◆ **Records supplied**

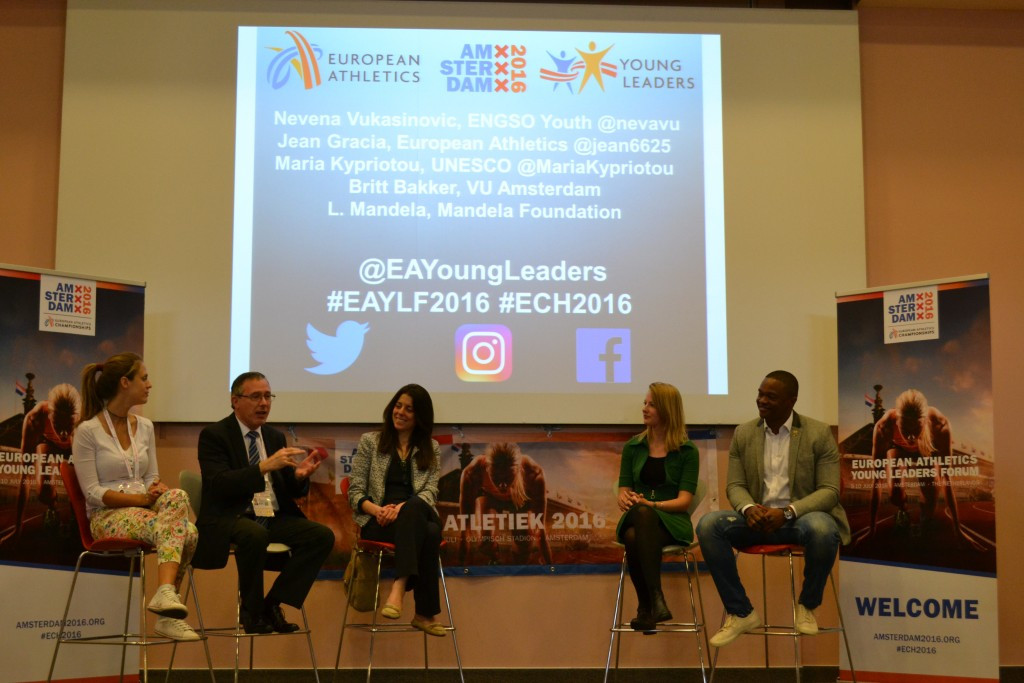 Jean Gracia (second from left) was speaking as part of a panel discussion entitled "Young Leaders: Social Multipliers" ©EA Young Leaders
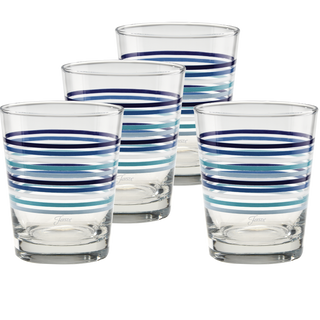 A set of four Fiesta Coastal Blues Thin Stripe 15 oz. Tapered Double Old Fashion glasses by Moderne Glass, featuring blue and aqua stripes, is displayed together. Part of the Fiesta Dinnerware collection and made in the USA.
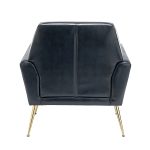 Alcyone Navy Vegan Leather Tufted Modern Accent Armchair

...

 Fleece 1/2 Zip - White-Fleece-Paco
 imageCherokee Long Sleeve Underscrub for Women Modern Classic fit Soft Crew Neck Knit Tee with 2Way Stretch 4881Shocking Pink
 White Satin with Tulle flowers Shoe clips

◆ **Assignment**
The answer is a number only: how many lines of the data above include "White"?

◆ **Final answer**
2